IREROBOT LTD, Nicosia, Cyprus

Keywords: Vibrotactile, Audio-tactile Integration, Touch.

Abstract: It has been shown that vibrotactile stimuli elicits sound perception either on their own or by enhancing

otherwise inaudible sounds. For taking advantage of this phenomenon in the design of vibrotactile displays it

is important to identify its properties with respect to the level of the excitation frequency. In this work, the

effect of frequency levels on the ability of humans to perceive vibrotactile stimuli as sounds at the index

fingertip is investigated. Eight subjects participated in the study which included comparison of sound and

vibration versus sound only signals. It is shown that as hypothesized, there is a range of frequency in which

the phenomenon under study seems to be most intense with maximum occurrence at 300 Hz.

1 INTRODUCTION

It has been established that integration of auditory and

vibrotactile signals activates a larger volume of the

auditory cortex than the auditory stimulus alone

(Auer et al., 2007). This hypothesis is also

demonstrated in monkeys by Kayser et al., (2015)

who tested integration of auditory broad-band noise

and tactile stimulus. By using fMRI (functional

Magnetic Resonance Imaging) they detected that

audio-tactile signal activated the posterior and lateral

side of the auditory cortex of the animal. Given the

continuous technological leaps in information and

communication technology, interest in studying

audio-tactile integration is increased and there are

several works which demonstrate that human

auditory cortex is activated through vibrotactile

excitation at the hand. Schürmann et al. (2004) have

established that audio-tactile stimulation activates the

auditory cortical area in normal hearing participants.

In the experiment, participants were asked to adjust

the sound intensity at the same level as fixed-intensity

vibration. With the presence of vibration, the

participants perceived a higher intensity than the

actual sound intensity, which satisfies the hypothesis

that under certain circumstances vibration facilitates

hearing. Further, by using whole-scalp

magnetoencephalography (MEG) and analysing

results, authors concluded that human auditory cortex

can be activated by feeling fixed intensity vibration

of 200-Hz at the fingertips. Also, Caetano et al.,

(2006) extended this study and demonstrated auditory

cortex activation by vibrotactile stimulation alone.

Both research experiments were conducted at fixed-

frequency of 200-Hz vibrations, without providing

level of frequency or location effects on this

phenomenon. In another work researchers studied the

perceptual integration of 50, 250, and 500-Hz

vibrotactile and auditory tones in a detection

experiment as a function of the relative phases of

sound and vibration pulses (Ranjbar et al., 2016). The

results did not establish significance regarding the

effect of phase difference in sound detection

performance. However, combination of 250-Hz and

phase difference resulted significantly high scores in

sound detection in contrast to other fixed-frequencies

(e.g. 50-Hz and 500-Hz). The work suggests that

auditory and vibrotactile signals can be effectively

integrated without regard to phase difference and fine

structure regulation. Also, it can be speculated that

audio-tactile integration is more notable in some

frequencies than in others. For effective design of

vibrotactile interfaces it is important to establish

further understanding of the range of frequencies in

which audio-tactile integration is stronger. The main

hypothesis of this work is that there is a specific range

of vibration frequencies in which audio-tactile

integration is most intense. When it comes to

sensitivity to vibrotactile stimuli, it is known that the

fingertips and hand have greater density and more

sensitive regions compared to the rest of the body and

are more appropriate for receiving tactile information

than other regions (Bensmaïa, 2005; Kaczmarek et

Banu, A., Nurgeldy, P. and Evagoras, X.

Effect of Frequency Level on Vibro-tactile Sound Detection.

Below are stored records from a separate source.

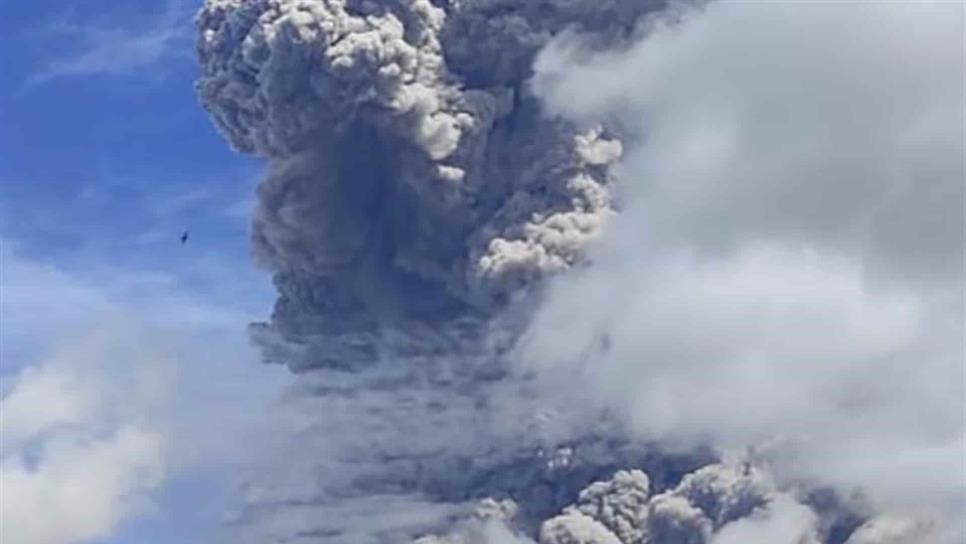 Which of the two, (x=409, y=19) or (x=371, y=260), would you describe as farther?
(x=371, y=260)

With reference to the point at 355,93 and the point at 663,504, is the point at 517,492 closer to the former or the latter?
the point at 663,504

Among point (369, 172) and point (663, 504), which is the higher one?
point (369, 172)

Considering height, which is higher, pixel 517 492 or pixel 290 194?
pixel 290 194

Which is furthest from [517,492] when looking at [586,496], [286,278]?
[286,278]

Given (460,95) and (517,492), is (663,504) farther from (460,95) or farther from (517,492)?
(460,95)

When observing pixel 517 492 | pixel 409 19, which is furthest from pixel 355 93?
pixel 517 492

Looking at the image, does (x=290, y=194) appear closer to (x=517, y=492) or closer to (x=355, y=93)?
(x=355, y=93)

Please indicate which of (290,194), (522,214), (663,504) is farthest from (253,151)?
(663,504) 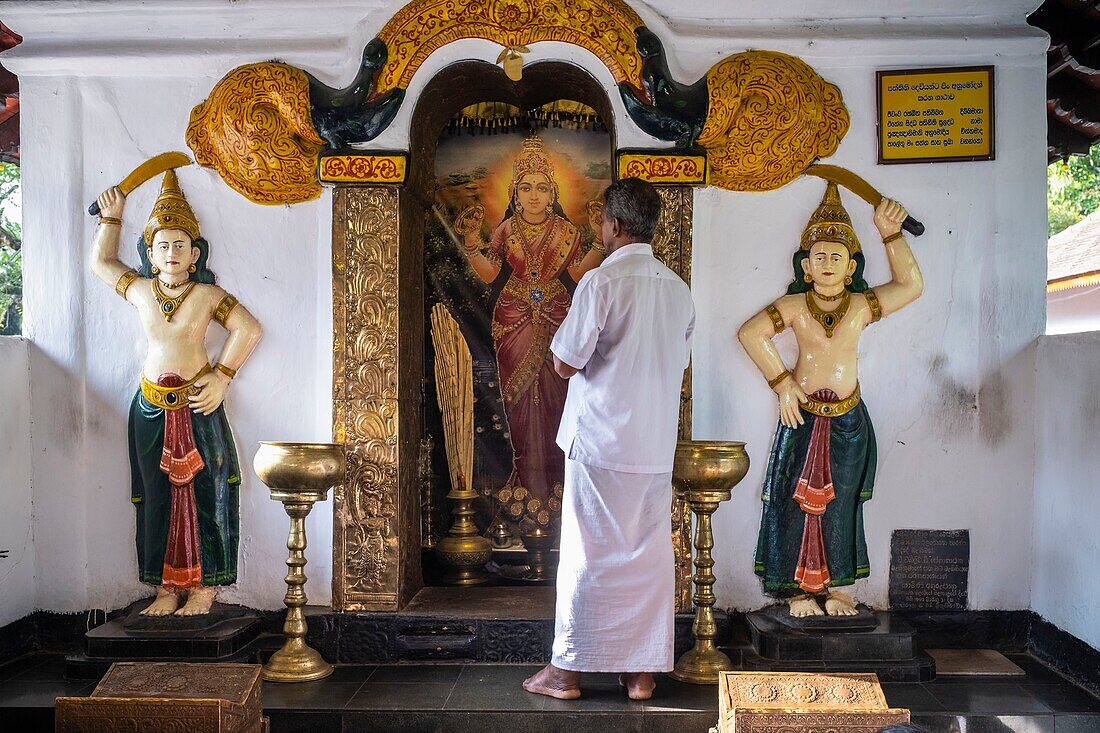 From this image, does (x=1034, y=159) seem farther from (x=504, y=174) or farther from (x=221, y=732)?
(x=221, y=732)

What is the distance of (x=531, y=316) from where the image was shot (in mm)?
5066

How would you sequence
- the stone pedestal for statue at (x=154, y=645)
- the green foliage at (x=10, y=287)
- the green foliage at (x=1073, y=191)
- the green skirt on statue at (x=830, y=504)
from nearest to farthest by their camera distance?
1. the stone pedestal for statue at (x=154, y=645)
2. the green skirt on statue at (x=830, y=504)
3. the green foliage at (x=10, y=287)
4. the green foliage at (x=1073, y=191)

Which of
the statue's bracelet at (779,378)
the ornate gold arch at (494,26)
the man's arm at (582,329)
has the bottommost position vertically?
the statue's bracelet at (779,378)

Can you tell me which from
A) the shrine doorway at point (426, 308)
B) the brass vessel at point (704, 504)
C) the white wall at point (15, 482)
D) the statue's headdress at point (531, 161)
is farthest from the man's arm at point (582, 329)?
the white wall at point (15, 482)

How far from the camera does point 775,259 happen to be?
452 centimetres

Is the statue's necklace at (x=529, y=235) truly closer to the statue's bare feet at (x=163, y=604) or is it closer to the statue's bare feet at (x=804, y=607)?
the statue's bare feet at (x=804, y=607)

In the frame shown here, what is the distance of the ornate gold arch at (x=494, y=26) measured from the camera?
4406mm

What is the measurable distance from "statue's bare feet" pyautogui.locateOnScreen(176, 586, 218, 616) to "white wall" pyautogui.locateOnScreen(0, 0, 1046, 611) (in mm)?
179

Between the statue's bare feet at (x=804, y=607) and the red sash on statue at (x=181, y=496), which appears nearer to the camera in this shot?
the statue's bare feet at (x=804, y=607)

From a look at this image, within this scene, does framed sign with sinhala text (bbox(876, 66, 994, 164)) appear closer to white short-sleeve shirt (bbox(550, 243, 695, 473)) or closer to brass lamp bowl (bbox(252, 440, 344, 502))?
Result: white short-sleeve shirt (bbox(550, 243, 695, 473))

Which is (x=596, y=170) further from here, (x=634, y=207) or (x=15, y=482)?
(x=15, y=482)

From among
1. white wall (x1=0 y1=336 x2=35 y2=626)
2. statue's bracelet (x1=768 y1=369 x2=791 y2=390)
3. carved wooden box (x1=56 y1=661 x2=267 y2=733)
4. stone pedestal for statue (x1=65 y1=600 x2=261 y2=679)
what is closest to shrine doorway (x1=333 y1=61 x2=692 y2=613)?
statue's bracelet (x1=768 y1=369 x2=791 y2=390)

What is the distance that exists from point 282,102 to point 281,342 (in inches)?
45.4

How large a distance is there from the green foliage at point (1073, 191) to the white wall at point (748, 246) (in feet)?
21.7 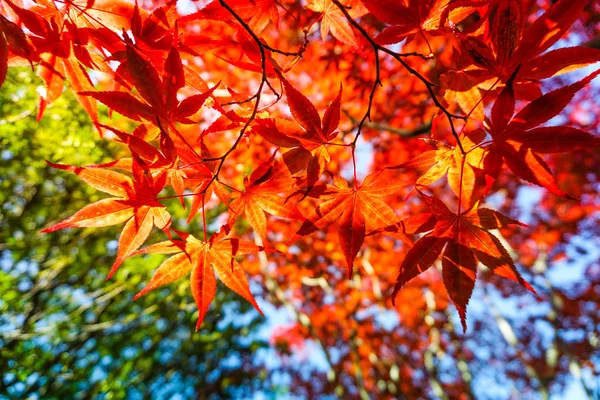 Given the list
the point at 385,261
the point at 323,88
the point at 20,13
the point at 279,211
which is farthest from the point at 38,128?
the point at 385,261

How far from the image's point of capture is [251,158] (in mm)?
5145

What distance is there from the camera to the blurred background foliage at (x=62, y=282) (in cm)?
321

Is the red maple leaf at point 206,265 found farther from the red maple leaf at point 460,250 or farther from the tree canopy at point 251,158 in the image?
the red maple leaf at point 460,250

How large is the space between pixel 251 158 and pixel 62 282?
112 inches

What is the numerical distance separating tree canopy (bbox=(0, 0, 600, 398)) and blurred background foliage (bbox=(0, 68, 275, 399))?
3 cm

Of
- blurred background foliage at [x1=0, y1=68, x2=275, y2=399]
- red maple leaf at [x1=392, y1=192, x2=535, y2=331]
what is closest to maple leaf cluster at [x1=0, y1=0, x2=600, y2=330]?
red maple leaf at [x1=392, y1=192, x2=535, y2=331]

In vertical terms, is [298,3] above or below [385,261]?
above

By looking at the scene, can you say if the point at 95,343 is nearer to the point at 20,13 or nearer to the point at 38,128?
the point at 38,128

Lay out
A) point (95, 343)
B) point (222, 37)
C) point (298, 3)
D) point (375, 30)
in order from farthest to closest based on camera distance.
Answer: point (95, 343) < point (298, 3) < point (375, 30) < point (222, 37)

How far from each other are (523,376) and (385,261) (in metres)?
9.31

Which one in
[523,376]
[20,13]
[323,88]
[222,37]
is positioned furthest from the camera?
[523,376]

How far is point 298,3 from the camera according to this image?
4465 millimetres

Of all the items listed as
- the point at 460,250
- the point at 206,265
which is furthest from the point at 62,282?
the point at 460,250

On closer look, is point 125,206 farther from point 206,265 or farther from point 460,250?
point 460,250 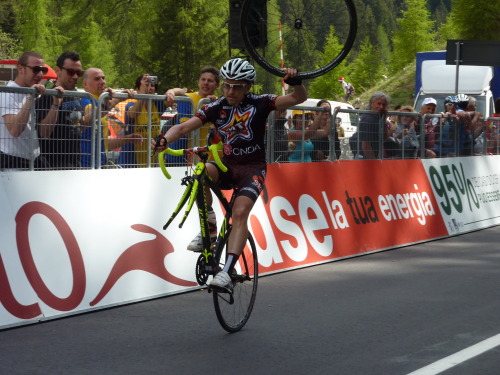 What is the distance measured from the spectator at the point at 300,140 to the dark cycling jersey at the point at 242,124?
13.3 feet

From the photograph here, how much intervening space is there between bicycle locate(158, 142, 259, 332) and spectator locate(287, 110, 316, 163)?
4236 mm

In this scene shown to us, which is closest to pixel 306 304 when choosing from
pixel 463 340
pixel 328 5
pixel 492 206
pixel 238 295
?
pixel 238 295

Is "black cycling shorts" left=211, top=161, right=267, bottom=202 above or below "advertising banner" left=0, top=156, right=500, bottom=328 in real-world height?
above

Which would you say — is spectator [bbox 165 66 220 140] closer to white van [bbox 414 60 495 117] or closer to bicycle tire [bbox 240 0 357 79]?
bicycle tire [bbox 240 0 357 79]

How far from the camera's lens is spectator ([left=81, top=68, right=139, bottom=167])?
9727mm

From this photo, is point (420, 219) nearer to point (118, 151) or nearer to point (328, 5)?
point (328, 5)

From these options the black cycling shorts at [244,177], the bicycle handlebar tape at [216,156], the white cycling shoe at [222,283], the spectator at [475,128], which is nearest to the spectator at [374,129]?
the spectator at [475,128]

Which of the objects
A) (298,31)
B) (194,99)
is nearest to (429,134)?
(298,31)

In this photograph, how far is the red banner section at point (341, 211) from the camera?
11727mm

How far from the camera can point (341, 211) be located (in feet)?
42.5

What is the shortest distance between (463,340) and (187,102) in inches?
182

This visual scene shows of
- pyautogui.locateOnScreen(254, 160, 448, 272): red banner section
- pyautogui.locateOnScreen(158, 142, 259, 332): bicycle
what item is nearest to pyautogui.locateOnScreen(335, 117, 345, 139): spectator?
pyautogui.locateOnScreen(254, 160, 448, 272): red banner section

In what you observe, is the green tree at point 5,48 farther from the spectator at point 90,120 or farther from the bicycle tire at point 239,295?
the bicycle tire at point 239,295

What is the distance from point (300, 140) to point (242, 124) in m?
4.35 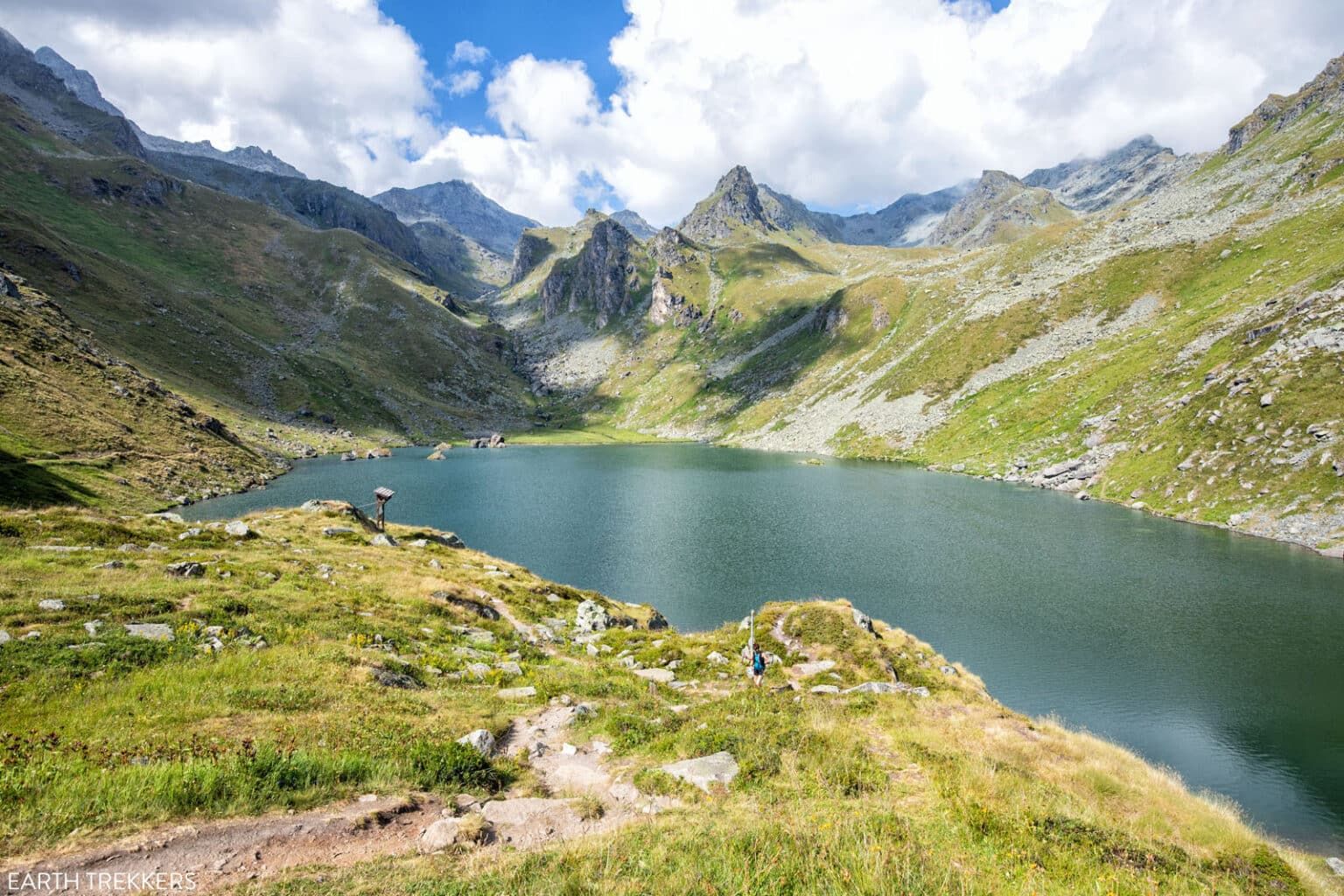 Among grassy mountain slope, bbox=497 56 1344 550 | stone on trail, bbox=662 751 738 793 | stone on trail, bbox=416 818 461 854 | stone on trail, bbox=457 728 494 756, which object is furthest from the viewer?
grassy mountain slope, bbox=497 56 1344 550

DOI: 10.5220/0007347100970102

In Proceedings of the 14th International Joint Conference on Computer Vision, Imaging and Computer Graphics Theory and Applications (VISIGRAPP 2019), pages 97-102

ISBN: 978-989-758-354-4

al., 1991). Tactile sensation can be caused by

mechanical vibration of the skin at frequency ranges

between 10 and 500-Hz (Johansson and Löfvenberg,

1984). When it comes to ability for frequency

discrimination in vibrotactile stimuli, Mahns et al.,

(2006) have shown that at the fingertips the

discriminative increment or Just Noticeable

Difference (JND) for frequencies of 20, 50, 100 and

200-Hz are 0.32 ± 0.07%, 0.19 ± 0.07%, 0.21 ± 0.03%

and 0.14 ± 0.04%, respectively. However, another

work suggests that JND is constant across frequencies

with a discriminate increment of 22 % (Johansson and

Löfvenberg, 1984). This information is employed in

experimental design in this work, namely for

choosing the set of test frequencies shown in Table 2.

More specifically, for lower frequencies, JND of 50,

100 and 200 Hz were used to choose the frequencies

(Johansson and Löfvenberg, 1984; Mahns et al.,

2016), while higher frequencies were incremented by

22 %. (Mahns et al., 2016).

Overall, the work is organized as follows: first a

methods section describes the group of participants,

equipment and experimental procedure. This is

followed by the results sections and finally a

discussion and conclusion sections elaborate on the

results and investigation in general.

2 METHODS

2.1 Participants

Eight young adults participated in the experiments.

Their age ranged between 19 and 21 years (mean

19.9, standard deviation 0.60). One of the persons

participated in a similar experiment before, but he had

no information regarding the primary aim of the

investigation or details of the study. All other

participants did not have any knowledge about the

topic of the study and were not involved in

vibrotactile experiments before. All of them signed an

informed consent and were compensated for

participation.

2.2 Experimental Setup

The vibrotactile testing apparatus consists of the

following equipment: 1. PC. 2. External sound card.

3. A pair of headphones with active ambient noise and

sound cancellation (Sony WH-1000XM2). These

include automatic performance optimization given

current environmental conditions. 4. A vibration

generator with a vibrating probe (Frederiksen

2185.00). 5. Amplifier (L-Frank Audio PAA30USB).

6. Custom-made sound insulation box. The vibration

generator was placed inside the insulation box with

only the vibrating probe protruding, so that sound

generated due to mechanical parts movement is

isolated to the maximum possible extent. A

cylindrical 4mm wooden interface with flat end is

inserted in the centertap as the probe endpoint (which

the user touches), so that it matches the dimensions

used in research which was conducted by Kayser et

al., (2005). The complete experimental setup is

presented in Figure 1.

Figure 1: Experimental setup.

MPU6050 Accelerometer and Arduino Software

are used to take sample acceleration measurements on

the forearm of the participant to make sure vibration

is not transferred through the body by conduction.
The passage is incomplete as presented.